Extend SCA features coverage by supporting 3rd party SBOM documents
## Executive Summary
As several GitLab features have transitioned over using SBOM documents as their source of data, this creates an opportunity for users to bring their own SBOM and expand the coverage we offer by default.
For instance, using Python 3.9 in a project is not supported and GitLab can't generate an SBOM document for it. By using a 3rd party SBOM generator this support could be brought back and all downstream features enabled.
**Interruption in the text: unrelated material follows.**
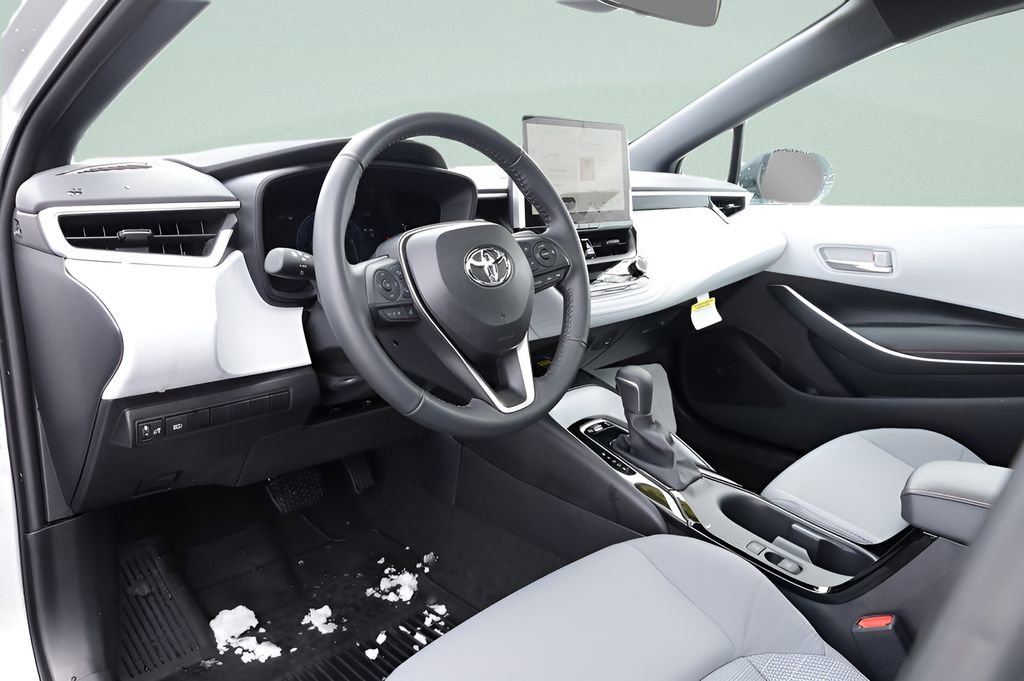 Certified 2025 Toyota Corolla SE w/ SE Premium Package FWD image 27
The transition is still ongoing and SBOM support has specific requirements and some limitations that we should highlight and address to improve the user experience.
## Requirements
1. A valid CycloneDX SBOM (1.4, 1.5, or 1.6) from any standard generator ingests without requiring GitLab's custom taxonomy properties. No gitlab:meta:schema_version, no input_file:path, nothing GitLab-specific.
2. At GA, GitLab processes component.type = library components. Other component types are not currently supported and will be documented as such, they should not silently error or disappear.
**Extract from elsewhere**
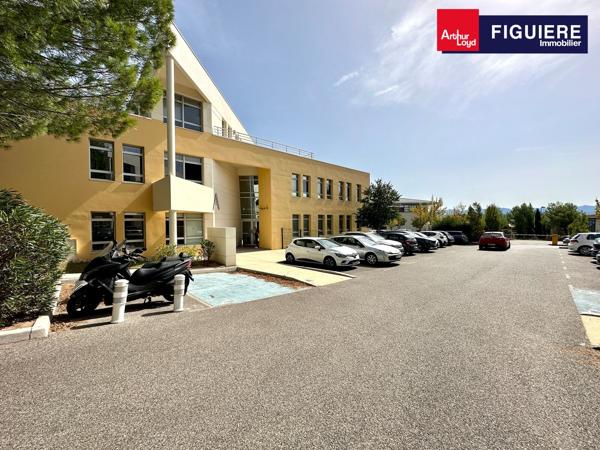 BUREAUX À VENDRE AIX LA DURANNE EN BON ÉTAT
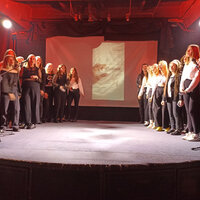 photo_5426908933794152547_y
3. The standard CycloneDX scope field (required, optional, excluded) could be read and used for production versus development dependency categorization.
4. CycloneDX license formats SPDX ID and SPDX expression are handled, including `LicenseRef-[NAME]` for custom licenses.
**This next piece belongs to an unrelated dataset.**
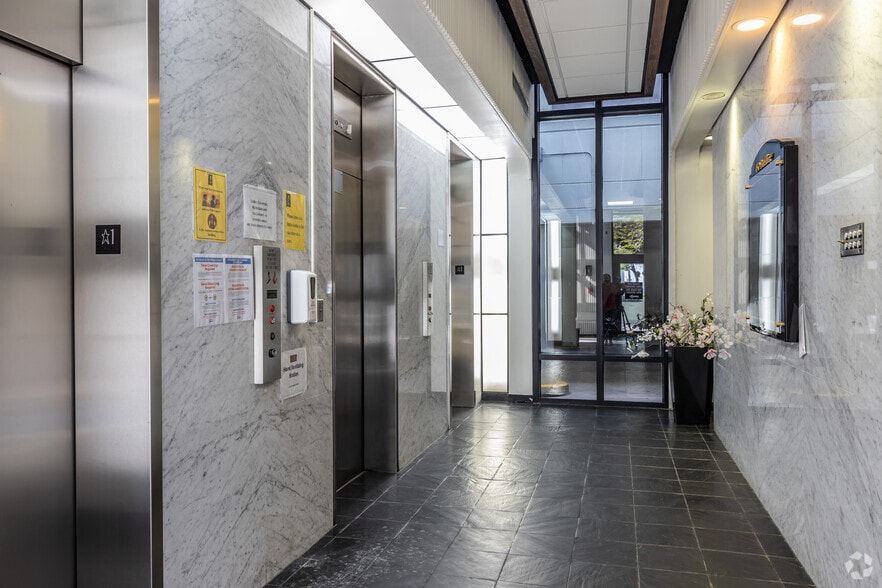 450 N Park Rd, Hollywood, FL for lease - Lobby - Image 3 of 13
1. Note that PMDB enrichment for license expressions is still in progress; ingestion works but enrichment from the package metadata database is not yet complete.
5. Components appear in the Dependency List with name, version, license, and package manager. Package manager is inferred by mapping PURL types to their corresponding package managers.
6. License scanning works for any component with a supported PURL type.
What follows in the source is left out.